Opportunities are all around us every day. Businesses, large or small, were not created by God in the garden of Eden, and just existed here as they are now, ever since. Each one of them has a life; a beginning and an end. Yes, even the big ones. And they all started by somebody having an idea and thinking about the numbers and working it, to make a go of it.
It is very common for people to try many things. Many famous people tried many things which did not work out, before they tried something that worked, and they became famous for the things that worked, not thought of as a failure for the things that didn’t work.
One of the best pieces of advice I can give you is to keep scheming; keep thinking; give it a try. Find someone, or a small group, to work together with. If it doesn’t work out, you learn and try again, and have new stories to tell.
But don’t be stupid. Don’t throw your whole life’s savings into something. Do the numbers. Be smart; be optimistic, but smart, all along the way. Keep your options open. Options are a good thing. Be flexible; don’t define yourself too tightly into one business or trade. Try to have multiple streams of income, from very different sources. You might call this a “robust” set of income sources. Be conservative with your money. Spend money on things which will grow in value. Cars don’t. Boats don’t. You get what I mean. Creating is infinitely more fun that consuming.
Every day is a new opportunity to smile about all you learned yesterday, and to start again looking at the world and seeing what others do not see. That’s what entrepreneurs do.
I know this is basic, but I love entrepreneurs, and this just seems to be something so many people miss. Let me give two examples.
- A gal thinks about how much markup (profit margin) there is in auto parts. So she opens an auto parts store. She is dreaming about buying a part for 10$ and selling it for 15$; 50% return of investment! Can’t get that at a bank! But she just can’t seem to sell enough parts to scratch up enough money to pay for the building, the utilities, and yes, more parts! She has good margins, but the volume is too low.
- A guy thinks about how many mowing lawns, and he gets more customers than he can possibly get around to, so he is thinking about that money he will get for every lawn. But after gas money, keeping his lawnmower fixed, and other expenses he realizes that he’s just not making any money; even though he is mowing a lot of lawns. He has high volume, but the profit margin is too low.
So, please, you entrepreneurs out there, when you are thinking about a business, please estimate all your expenses, and please estimate both your margins and your volumes, and make sure you are going to generate enough actual $$ to make a go of it.

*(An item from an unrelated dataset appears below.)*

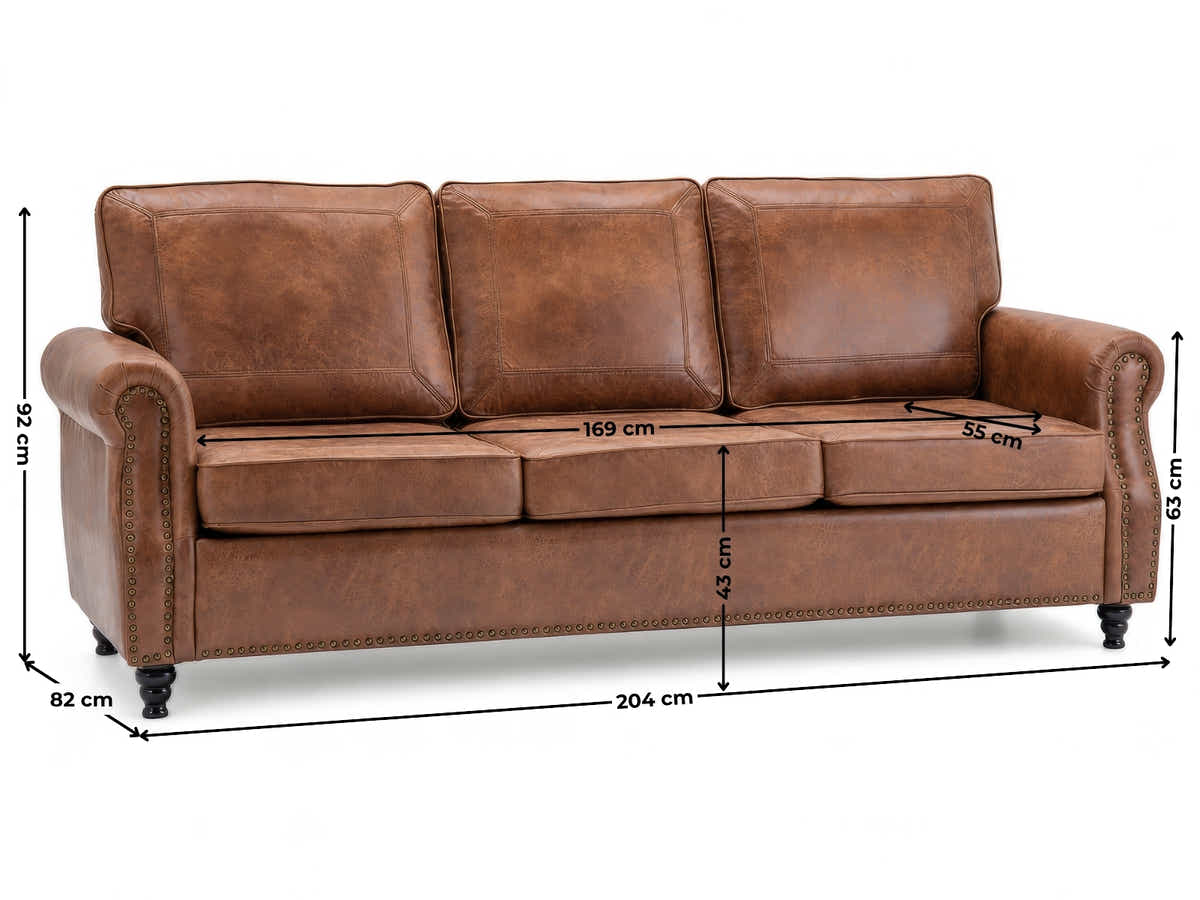 Cassandra 3-seater Sofa PU - Dark Brown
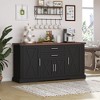ORRD 63" Farmhouse Storage Cabinet Barn Door, 2 Drawers, Adjustable Shelves Buffet Table for Kitchen Dining Room（Black） - 2 of 4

I don’t have space here, but don’t forget about tax laws about losses, and about the possible tax benefits of doing something you really enjoy, as a business. Those factors could tip the scale for you.
Get out there and “entrepreneur something”! But do a little math before you get started!
The fundamental nature of business is the exchange of value. One kid has a toy truck and the other kid has a water gun, and they trade. One guy has money and the service station has gas, so he gives them money in exchange for gas. And it goes on and on.
It is interesting the thing about money. Before we used it, people would have food, livestock, etc. It was easy to see how much someone had, because it was all visible stuff! Now, you can look at a group of people and have no idea how wealthy they really are.
It is also interesting that value is in the eyes of the buyer. Some people think that if their organization delivers exactly what the customer asks for everything will be great. Wrong. Leading companies create value; they create products and services which customers never thought about, but when they see it, they have to spend their money on it! That is innovation. Creation. Creating value. Creating products and services people want to buy, whether they ever thought of it or not.
Don’t just benchmark other companies. “World Class” companies are pretty common these days.